Review by SneakTheSnake

Reviewed: 05/15/13

A fun little arcade-y romp.

Echoes is an enjoyable little game on the Playstation Network. There isn’t much to it, and the presentation is a little rough around the edges, but it fits right in with other fun, arcade-like titles for the budget-conscious gamers among us.

The game reminds me a bit of Qix; the object of each level in Echoes is to move around a maze and collect gems. The trick is that, after each gem you pick up, a small copy of yourself begins moving around the maze, at a randomly assigned point. This small copy typically mimics part of your movements, and you can have as many as a dozen little copies of yourself running around the tight corridors of the maze at any given time. There are some power-ups to help you out, like hearts to give you extra lives (should you accidentally run into one of your copies), a pulse shot which blasts away nearby copies (best to use when there are a lot of copies swarming around you) and a time freeze button.
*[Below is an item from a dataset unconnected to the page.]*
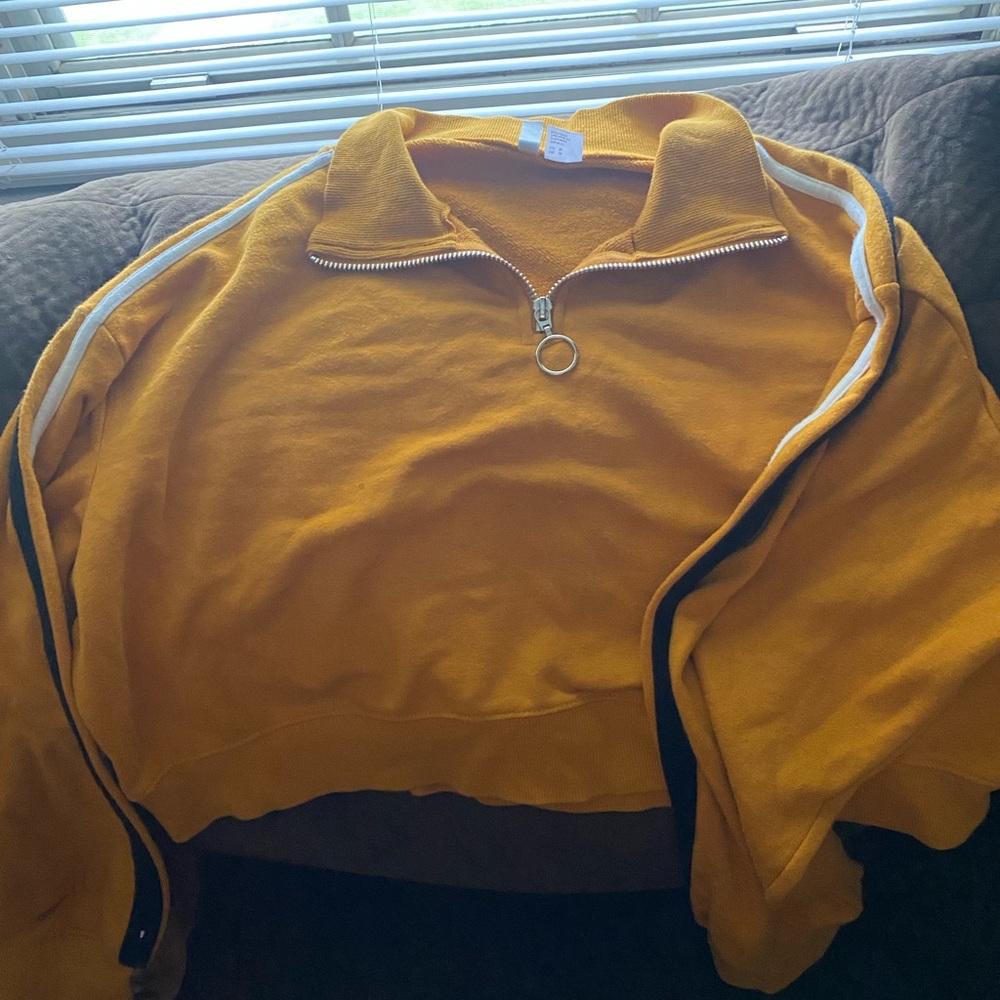 Mustard (yellow) cropped half zip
Fortunately, there are several dozen stages in Echoes, and they can each be played in three difficulty levels. The mazes range from everyday objects and shapes like concentcric circles, ampersands to complex patterns, so there is plenty of variety in the stage design. Beyond the linear arcade mode, there are bonus modes which unlock as you play, such as a survival mode, a time trial mode and one called tick-tock, in which you can manually start and stop the movement of your echoes as opposed to having them move automatically. The replay value is there if you don’t mind playing through the same campaign several times to play later stages at later difficulties.

Graphics and sound in Echoes are quite nice. The game exudes a “sketchbook” quality to it; the stages look airbrushed, and the menus and stages exhibit a great deal of color. Each stage boasts a different design and color scheme; it feels sometimes as if one’s playing on graffiti. The interface could have used a little work; I would have appreciated a traditional menu screen over having to select stages and options by moving your avatar over to them like one would in the game. However, for its minimalistic style, Echoes is, at the very least, creative. The music is quite techno-heavy, but it never grates.
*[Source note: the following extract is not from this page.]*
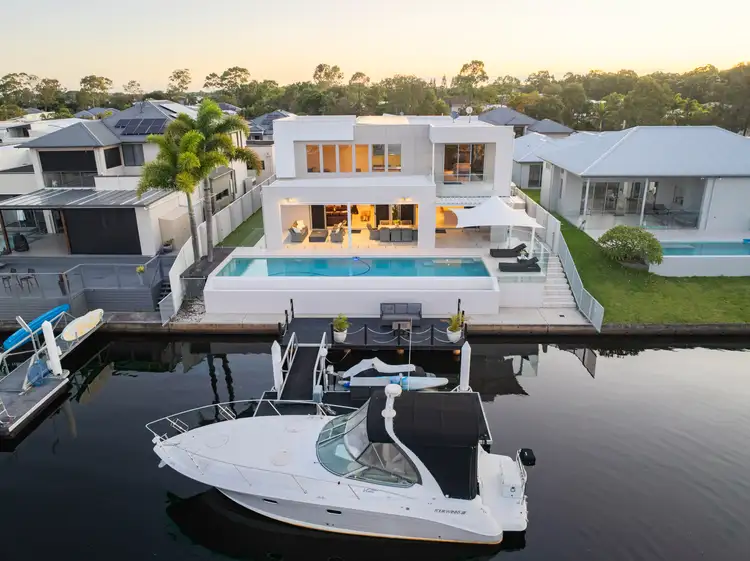 11 Artunga Place, Pelican Waters QLD 4551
For quick, arcade action, one can’t go wrong with Echoes. The price is right, and the gameplay will hearken players back to the NES days: simple gameplay with some good mechanics to back it up. The game’s production levels are not very high, and the game is by no means technically impressive, but the gameplay stands well enough on its own. Echoes provides several hours’ worth of gameplay and is worth a look for those looking for an affordable thrill on the PSN.